What makes this book special is how you are taught to blend ingredients in a way to enhance the overall result. There is no need to remember or consult a recipe book to tell you what goes in each cocktail; simply ‘roll your own’. A useful formulae I settled on came down to three parts strong, which is the base alcohol, two parts sour which normally means lime or lemon juice plus bitter cordials and one part sweet which is sugar syrup and may include sweet liqueurs. Naturally this is for the range of sour cocktails not Martinis which of course do not require sugar syrup. Then the very simple advice that every ingredient including the glass must be stunningly cold. So a successful cocktail requires you to freeze the glass, the alcohol and have the citrus juice, sugar syrup and any other flavourings ultra cold.
In Australia cocktails fell out of favour several decades ago although they have had sporadic revivals. The first was an attempt to modernize the cocktail with cream based liqueurs that combined sweet with sweet and new blends, often odd, with risqué names such as ‘slow comfortable screw’ or ‘slippery nipple’. Use was also made of new (to us anyway) liqueur styles such as sambucca and the addition of several fruit juice tastes together. The last remind you of mixing several primary paint colours together to see it all go brown. And recently and of far more interest smart new bars have opened that are doing the traditional cocktails reasonably well and have picked up on overseas trends to take the classics and blend in herbs and spices. One of interest is the lemon and basil martini which is lemon flavoured vodka (45ml), Limoncello (15ml), Cinzano Bianco (15mlk), lemon juice (10ml) and sugar syrup (10ml) and flavoured with torn basil leaves. I suspect Embury would approve and the blend has not strayed to far from the three strong, two sour, one sweet idea and at least his hated vodka is flavoured.

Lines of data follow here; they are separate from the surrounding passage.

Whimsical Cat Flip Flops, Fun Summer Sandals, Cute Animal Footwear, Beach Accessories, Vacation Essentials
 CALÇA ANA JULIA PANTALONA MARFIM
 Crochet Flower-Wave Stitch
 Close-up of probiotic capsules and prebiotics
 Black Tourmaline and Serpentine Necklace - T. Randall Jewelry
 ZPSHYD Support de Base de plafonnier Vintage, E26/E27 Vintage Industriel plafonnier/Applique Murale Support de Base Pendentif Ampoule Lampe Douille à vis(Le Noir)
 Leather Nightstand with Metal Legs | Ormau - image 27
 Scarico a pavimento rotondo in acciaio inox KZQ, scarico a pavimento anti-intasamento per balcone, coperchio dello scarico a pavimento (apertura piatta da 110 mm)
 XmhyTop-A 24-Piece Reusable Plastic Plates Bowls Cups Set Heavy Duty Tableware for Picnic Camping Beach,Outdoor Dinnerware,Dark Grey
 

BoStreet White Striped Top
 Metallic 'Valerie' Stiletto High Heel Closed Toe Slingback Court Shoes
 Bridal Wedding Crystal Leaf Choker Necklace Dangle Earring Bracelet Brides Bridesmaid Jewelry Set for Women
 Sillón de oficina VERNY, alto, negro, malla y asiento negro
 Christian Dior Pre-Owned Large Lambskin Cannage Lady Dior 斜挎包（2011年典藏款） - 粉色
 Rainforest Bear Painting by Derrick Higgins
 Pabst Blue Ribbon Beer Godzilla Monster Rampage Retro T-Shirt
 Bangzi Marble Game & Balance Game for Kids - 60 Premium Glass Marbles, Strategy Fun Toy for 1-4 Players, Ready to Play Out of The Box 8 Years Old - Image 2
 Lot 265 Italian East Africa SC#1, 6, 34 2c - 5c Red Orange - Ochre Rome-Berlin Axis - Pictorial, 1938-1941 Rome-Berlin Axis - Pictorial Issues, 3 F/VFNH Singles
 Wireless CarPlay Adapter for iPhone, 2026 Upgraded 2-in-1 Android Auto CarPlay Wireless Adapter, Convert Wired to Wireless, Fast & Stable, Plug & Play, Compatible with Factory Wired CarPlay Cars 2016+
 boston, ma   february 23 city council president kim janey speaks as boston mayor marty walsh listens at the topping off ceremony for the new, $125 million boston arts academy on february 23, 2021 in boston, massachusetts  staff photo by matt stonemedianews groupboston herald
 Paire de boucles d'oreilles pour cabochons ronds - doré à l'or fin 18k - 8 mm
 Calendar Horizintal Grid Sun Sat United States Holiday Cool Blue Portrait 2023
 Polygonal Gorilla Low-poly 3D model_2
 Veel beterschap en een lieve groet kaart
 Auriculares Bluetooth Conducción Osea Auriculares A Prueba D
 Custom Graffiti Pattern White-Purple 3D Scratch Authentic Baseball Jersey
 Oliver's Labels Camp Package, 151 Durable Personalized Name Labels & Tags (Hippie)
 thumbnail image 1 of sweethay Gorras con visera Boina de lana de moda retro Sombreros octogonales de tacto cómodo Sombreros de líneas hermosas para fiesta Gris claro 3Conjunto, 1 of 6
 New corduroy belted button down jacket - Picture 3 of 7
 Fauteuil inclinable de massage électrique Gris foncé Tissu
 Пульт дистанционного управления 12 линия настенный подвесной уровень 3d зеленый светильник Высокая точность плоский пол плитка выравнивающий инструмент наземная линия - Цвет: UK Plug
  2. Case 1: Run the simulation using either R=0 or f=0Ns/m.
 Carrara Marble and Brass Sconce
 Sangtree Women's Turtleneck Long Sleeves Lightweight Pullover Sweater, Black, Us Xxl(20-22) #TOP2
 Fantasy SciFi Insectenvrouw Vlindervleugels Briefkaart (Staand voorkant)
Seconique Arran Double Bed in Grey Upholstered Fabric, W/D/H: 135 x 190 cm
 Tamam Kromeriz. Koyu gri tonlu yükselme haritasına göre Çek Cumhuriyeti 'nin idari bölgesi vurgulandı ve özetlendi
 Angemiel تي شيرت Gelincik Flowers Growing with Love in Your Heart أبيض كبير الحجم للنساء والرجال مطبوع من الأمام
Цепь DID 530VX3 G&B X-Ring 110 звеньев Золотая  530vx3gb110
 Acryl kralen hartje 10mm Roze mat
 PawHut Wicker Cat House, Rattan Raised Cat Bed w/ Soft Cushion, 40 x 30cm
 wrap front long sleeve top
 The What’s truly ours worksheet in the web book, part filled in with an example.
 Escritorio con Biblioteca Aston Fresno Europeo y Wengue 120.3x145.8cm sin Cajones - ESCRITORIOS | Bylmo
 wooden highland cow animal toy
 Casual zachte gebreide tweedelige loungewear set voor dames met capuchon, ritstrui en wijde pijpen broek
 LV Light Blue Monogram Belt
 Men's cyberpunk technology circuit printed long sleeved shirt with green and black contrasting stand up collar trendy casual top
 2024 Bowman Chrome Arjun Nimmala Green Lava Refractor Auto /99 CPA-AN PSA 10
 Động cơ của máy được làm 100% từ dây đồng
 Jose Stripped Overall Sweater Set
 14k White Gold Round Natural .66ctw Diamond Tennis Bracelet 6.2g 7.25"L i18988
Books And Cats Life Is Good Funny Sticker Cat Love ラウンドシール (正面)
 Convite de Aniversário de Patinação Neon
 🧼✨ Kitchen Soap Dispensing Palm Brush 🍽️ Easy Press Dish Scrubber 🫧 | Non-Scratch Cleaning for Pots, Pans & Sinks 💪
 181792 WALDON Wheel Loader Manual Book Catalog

There are good descriptions of the basic alcohols and liqueurs but where would you now find; apry, allasch, arrack, Carlshamms Punsch, Certosa, Cherry Heering, C.L.O.C., Crème d’Annas, Crème de Violette, Goldwasser, Falernum, Fiori Alpini, Strega, Parfait Amour, the splendid Peppermint Get, Van der Hum or Vieille Cure. All these we sold back in the 1970’s and now they are just memories. There has been some new additions but how I wish I had a bottle of the failed Liquid Lamington as surely I would be the cocktail king of Australia with a new cocktail called of course ‘stone the crows’.
This is a fine book and towards the end when many have run out of steam Embury is still scathing about the Zombie but then finds peace with lovely descriptions of Tall Drinks or Highballs. He moves through Rickeys, Bucks, Collinses, Fizzes, Daisies and Fixes, Cobblers, Coolers, Slings and Toddies but most importantly tells us how to make the perfect Mint Julep, naturally using the best Kentucky bourbon. It surely is one of the great cocktails ever devised.
There is more, much more in this wonderful record and the book is strongly recommended. You may find a copy in some garage sale or other. And let's end with a great cocktail recipe from page 139. It’s called the Larchmont and was devised by the master himself; and is 6 parts white Cuban rum, 2 parts Grand Marnier, 2 parts lime juice and half a part sugar syrup.